◆ **Task input**
---*---
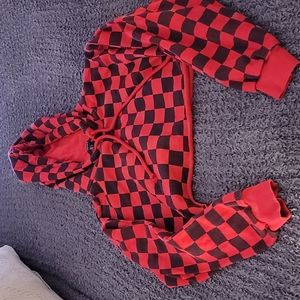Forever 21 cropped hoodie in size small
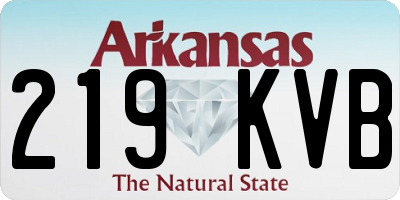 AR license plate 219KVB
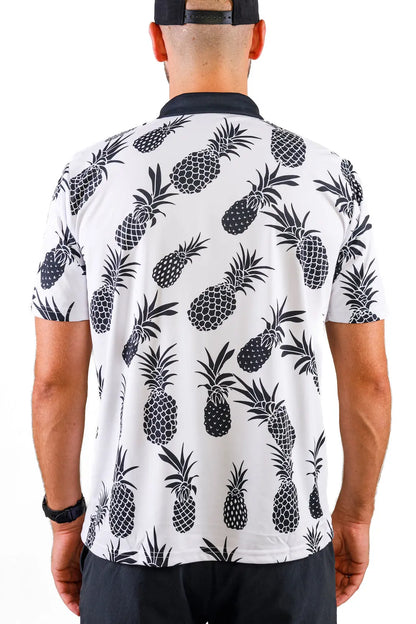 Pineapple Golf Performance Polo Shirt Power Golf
---*---
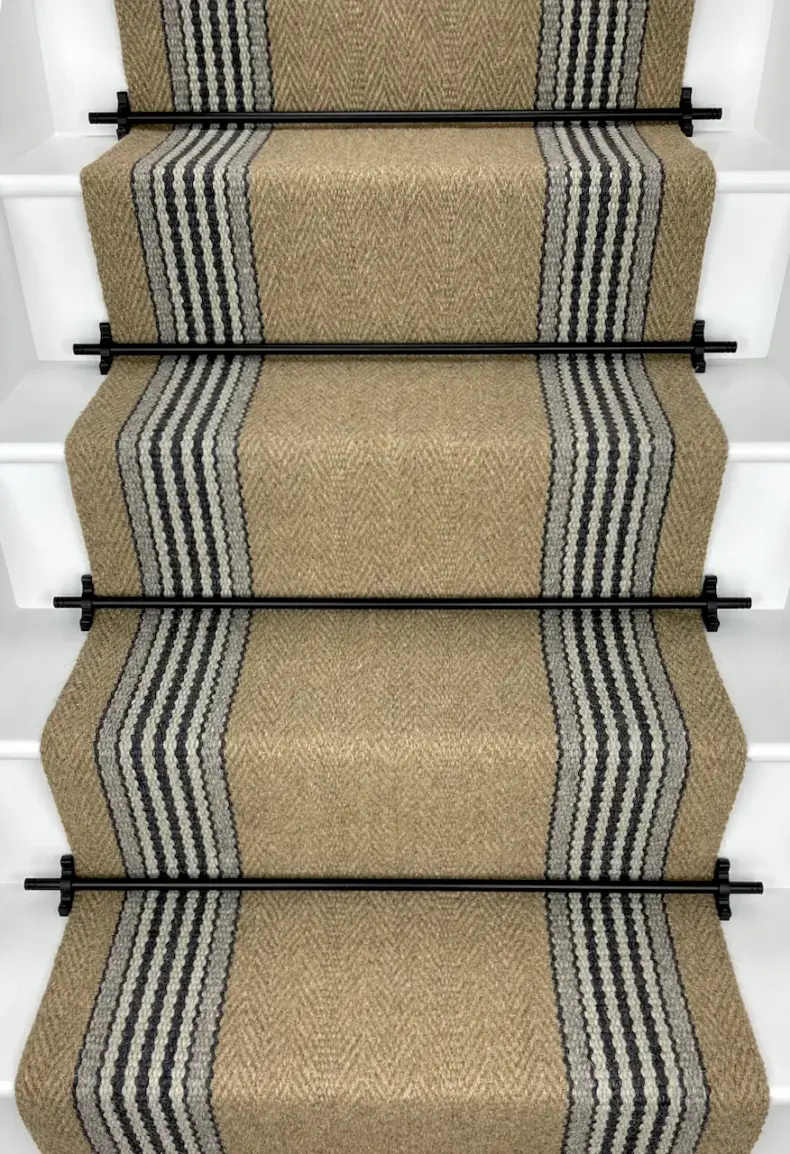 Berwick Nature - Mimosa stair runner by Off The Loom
---*---
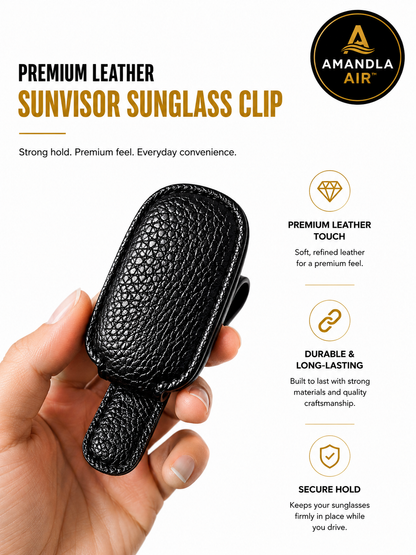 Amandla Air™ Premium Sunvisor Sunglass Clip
---*---
◆ **Aim of the exercise**
In the listing above, find the line with "Forever 21 cropped hoodie in size small" and the line with "Pineapple Golf Performance". Copy exactly those two and every line between, without the pictures.

◆ **Written reply**
Forever 21 cropped hoodie in size small
 AR license plate 219KVB
 Pineapple Golf Performance Polo Shirt Power Golf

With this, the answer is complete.